In a post yesterday, Ned Foley took issue with the essay from Randy Barnett posted yesterday at NYU’s Democracy Project. Here’s an excerpt from Randy’s piece, so readers can understand the context of Ned’s critique. Today’s post at the Democracy Project comes from Mark Cuban, which I’ll blog about later in the week.

From Randy Barnett’s essay:

When one hears today about threats posed by the duly-elected Trump administration to “our Democracy,” one gets the distinct impression that “our Democracy” means the political program of the Democratic Party, whether supported by a majority or minority of the American people. This impression is reinforced by Democrats cheering the unelected district court judges who are massively resisting the policies of a popularly-elected president by issuing restraining orders, or booing the Supreme Court’s returning abortion policy to state legislatures. This “la démocratie, c’est nous” attitude constitutes a return to the Democratic Party’s roots…

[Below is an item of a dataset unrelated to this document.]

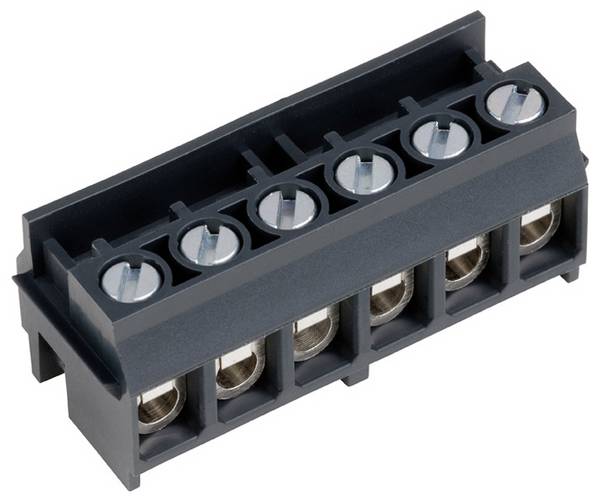 PTR Hartmann konektor za tiskanu pločicu Ukupan broj polova 10 Raster: 5 mm 50133100001E 1 St. Piece
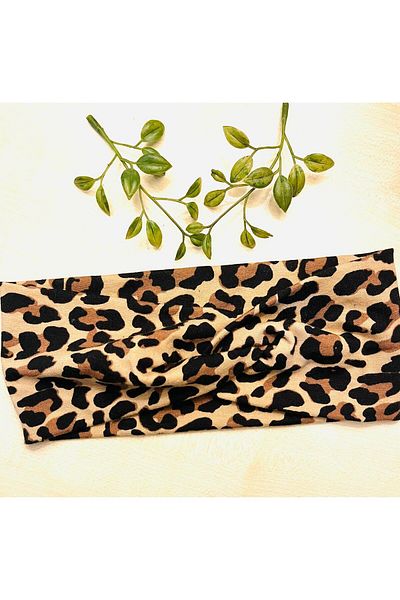 BERG ATELIER Cross Model Headband φρυδιών - Πολυλειτουργικό βαμβακερό προστατευτικό και εύκαμπτο κατά του ιδρώτα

When I make observations like these, self-identified “Democrats” often hasten to insist that they too reject majoritarianism. They too believe in protecting the rights of the minority. They favor a “constitutional democracy.” That sounds good, but the sentiment does not last long. These same Democrats easily revert to a majoritarian conception of democracy when any of the undemocratic components of our republican Constitution obstruct their favored policies.

Ask Democrats about the composition of the Senate, the operation of the Electoral College, the Senate filibuster when they hold the majority (but not when they don’t), or the Supreme Court when it rules in a way they dislike. They will condemn all these as “undemocratic” as Sanford Levinson did in his book, Our Undemocratic Constitution. (I wrote Our Republican Constitution: Securing the Liberty and Sovereignty of We the People as my reply.) Since January 2025, Democrats have also become concerned with the “undemocratic” exercise of executive power, pursuant to broadly-worded statutes, that previously did not bother them.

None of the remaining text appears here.